Una vez logrado este objetivo, el siguiente es la mejora estética del entorno urbano haciendo peatonales estas zonas. Con esta mejora de los espacios públicos de convivencia, mediante la reducción del tráfico, se consigue la extensión de las zonas disponibles. Con ello se persigue que éstas resulten más atrayentes no sólo para residentes, turistas y paseantes, sino también para aquellas personas que, por diversas circunstancias, se ven abocadas a situaciones que les llevan a vivir en la calle o a pasar en ella la mayor parte de su tiempo como medio de supervivencia.

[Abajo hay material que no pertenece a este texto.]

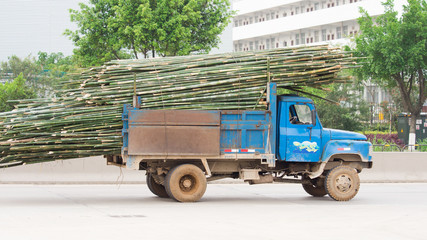 Overloaded truck in China with bamboo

La mayor seguridad –objetiva y subjetiva–, la presencia de turistas y vecinos con altos niveles adquisitivos y la posibilidad de disponer de lugares más amplios y menos ruidosos que les posibiliten mayor tranquilidad y visibilidad, a la vez que mayor anonimato, hacen que en estos distritos aumente exponencialmente el número de personas en situación de exclusión extrema.

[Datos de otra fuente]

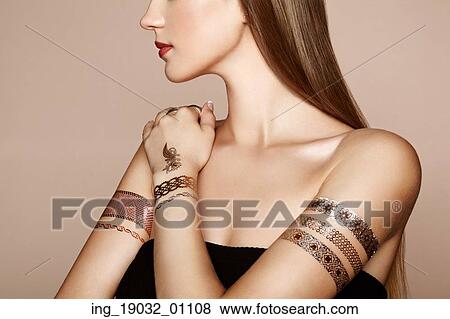 Fashion portrait of elegant woman with magnificent hair. Blonde girl. Perfect make-up. Girl in elegant dress. Flash tattoo gold View Large Photo Image Stock Photo - Fashion portrait of elegant woman with magnificent hair. Blonde girl. Perfect make-up. Girl in elegant dress. Flash tattoo gold. Fotosearch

La visibilidad de estas bolsas de marginalidad es, en ocasiones, radicalmente incompatible con la imagen de modernidad y “limpieza” que se pretende proyectar desde las corporaciones locales. Es, por tanto, fundamental evitar la presencia de estas personas en determinados lugares, si bien, y dado el carácter democrático y socialmente avanzado de nuestros sistemas políticos, no se pueden tomar medidas que violenten la voluntad de permanecer en estas áreas de las personas que viven en la calle.
Por ello, el camino escogido para dificultar el asentamiento permanente de ciudadanos “poco acordes” a la estética elegida debe ser más sutil y, por supuesto, menos escandaloso. Se trata de conseguir que las personas que hacen de la calle su hogar no se sientan cómodas en estos espacios, que les sean físicamente poco accesibles, difícilmente habitables.
En esta tarea desempeñan un papel fundamental tanto el trazo de los espacios reformados, como el diseño de los distintos componentes del mobiliario urbano con que se equipen o la ausencia de algunos elementos tradicionales.
Bajo la apariencia de una modernidad neutra, se esconden dibujos pensados para impedir que la gente que habita en la calle pueda ocupar los que han sido sus tradicionales lugares de descanso. Así, se imponen los asientos individuales que imitan sillas de jardín o bancos corridos con múltiples brazos a lo largo de toda su extensión; de tal forma que se hace imposible que una persona de mediana estatura pueda tumbarse o siquiera recostarse a reposar, incluso de noche, cuando los bancos no son usados por nadie. Eso en el mejor de los casos. En otros se prescinde de los bancos, en busca de espacios diáfanos, en los que la prioridad teórica es el paso franco y donde se acaban imponiendo las terrazas de los locales hosteleros, que se convierten pronto en las únicas protecciones frente a las inclemencias y origen de los escasos asientos posibles de las nuevas plazas.
Las marquesinas y paradas de transporte dejan de ser lugares donde guarecerse, sustituidas por leves distintivos, con estructuras tubulares como improbables butacas. Por último, los aseos y fuentes públicas donde obtener agua y alivio desaparecen del paisaje, junto a los ya inútiles pasos subterráneos.
Se construyen, de esta manera, nuevos modelos de ciudad, casi decorados, acogedores y atractivos para la mayoría. Pero excluyentes para aquellas personas cuyas necesidades básicas superan su poder adquisitivo, que se ven relegadas y alejadas de los lugares donde históricamente han residido y sobrevivido. Estas personas se ven obligadas a desplazarse a las periferias precarizadas, condenadas nuevamente a la invisibilidad y al abandono institucional.